◆ TASK STATEMENT ◆
When you reproduce the entries below, keep each one exact and drop any pictures.

◆ ENTRIES SHOWN ◆
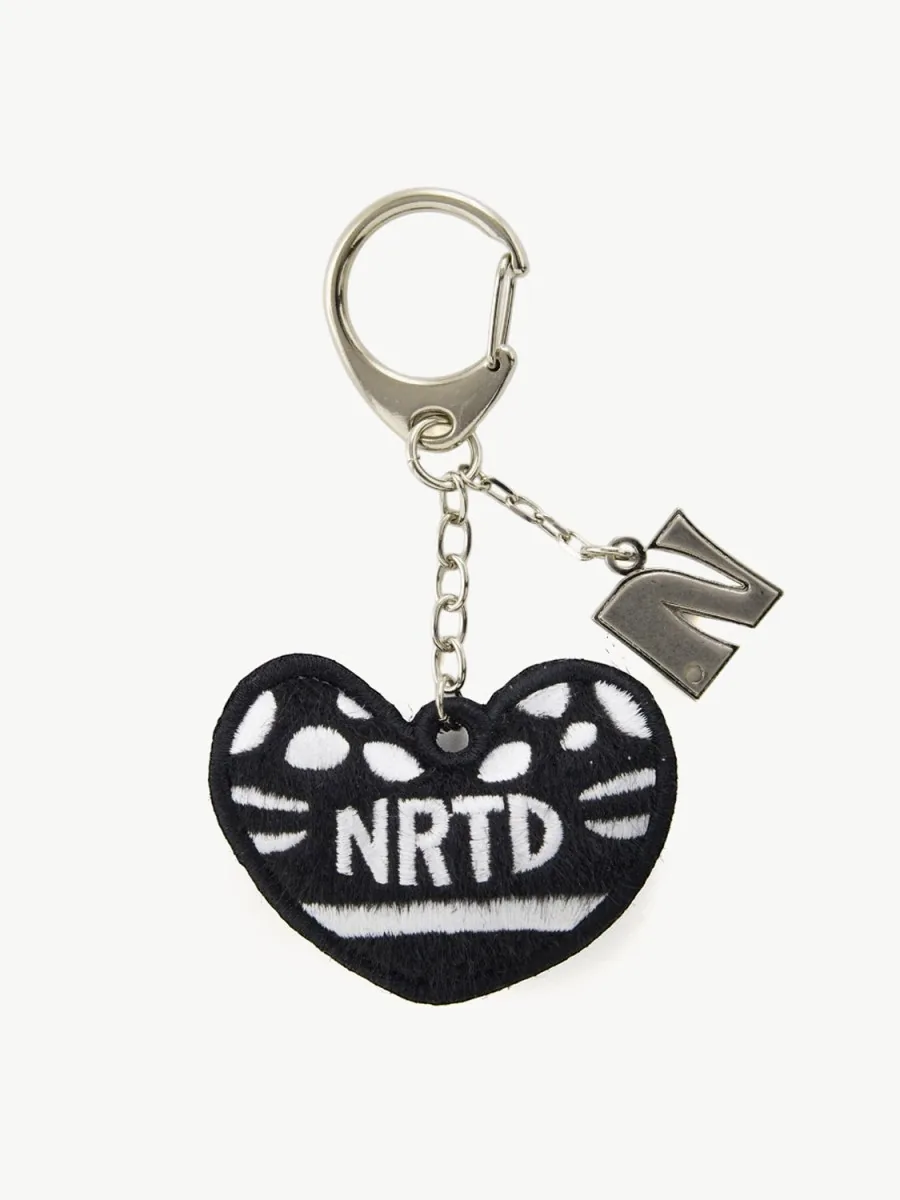 Whale Heart Pony-Hair Keyring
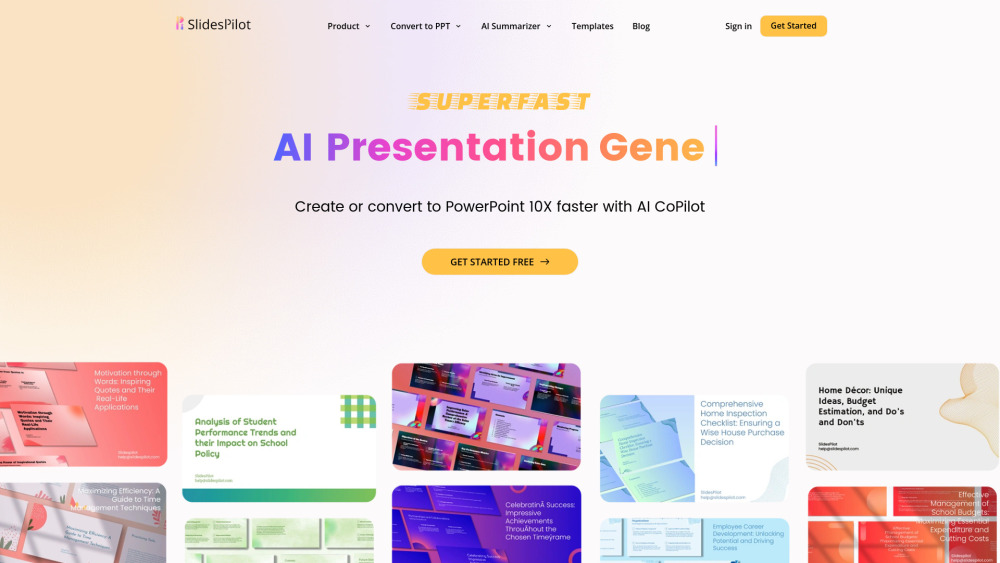 **SlidesPilot: AI Presentation Suite for Simplified Slide Creation**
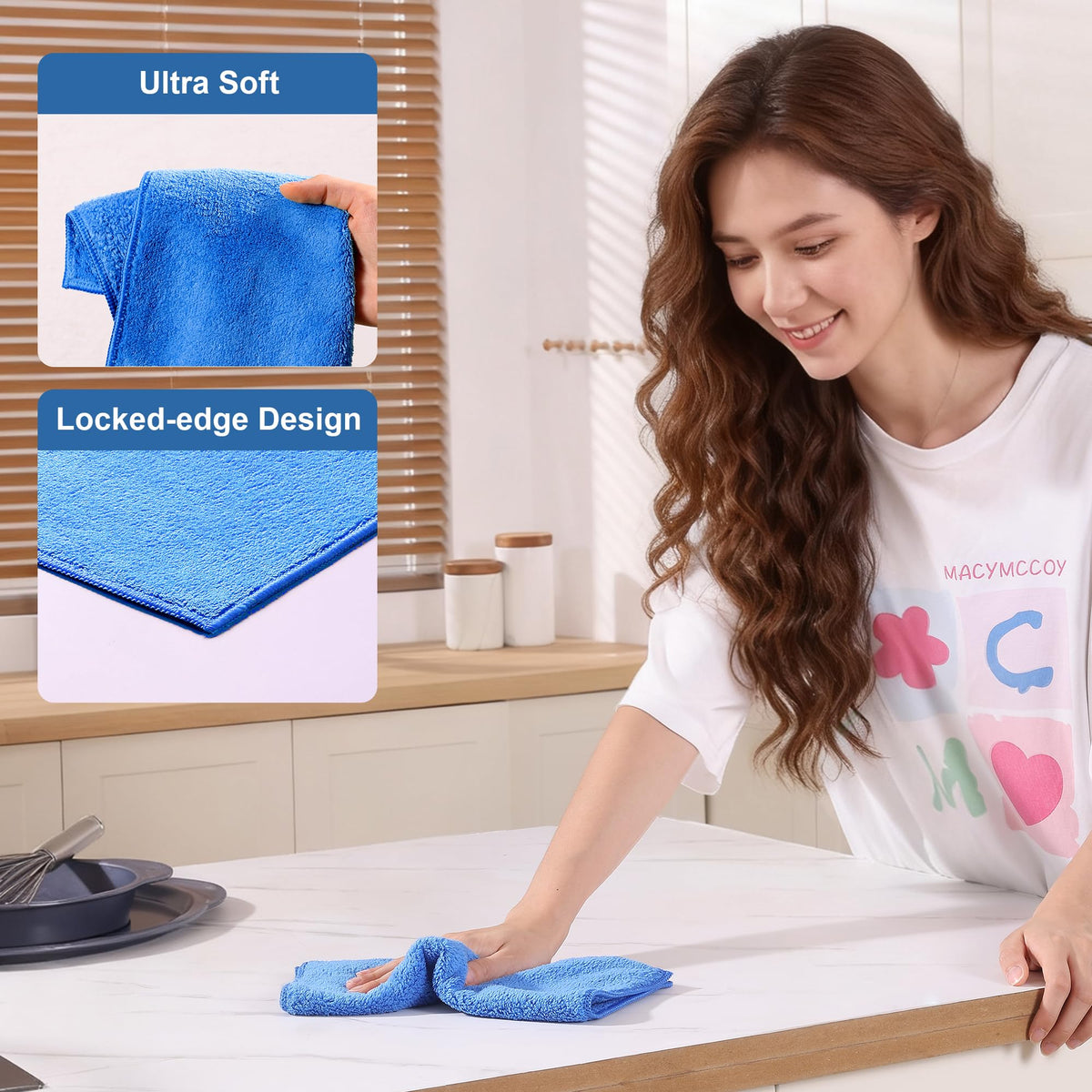 Microfiber Cleaning Cloths 18 Packs (18 Count)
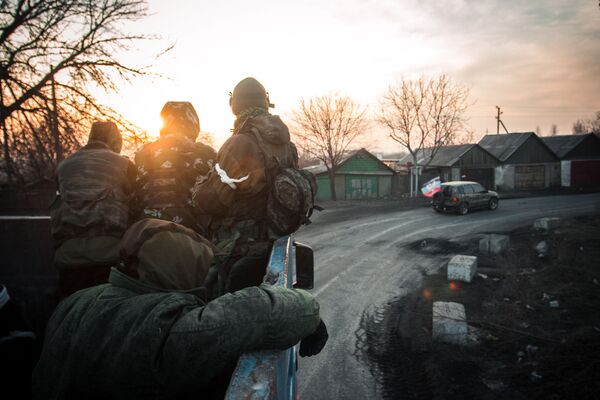 Dân quân CHND Donetsk ở khu vực Donetsk Dân quân CHND Donetsk ở khu vực Donetsk - Sputnik Việt Nam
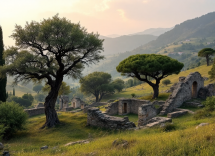 Panorama della città etrusca di Veio, antica e affascinante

◆ TASK ANSWER ◆
 Whale Heart Pony-Hair Keyring
 **SlidesPilot: AI Presentation Suite for Simplified Slide Creation**
 Microfiber Cleaning Cloths 18 Packs (18 Count)
 Dân quân CHND Donetsk ở khu vực Donetsk Dân quân CHND Donetsk ở khu vực Donetsk - Sputnik Việt Nam
 Panorama della città etrusca di Veio, antica e affascinante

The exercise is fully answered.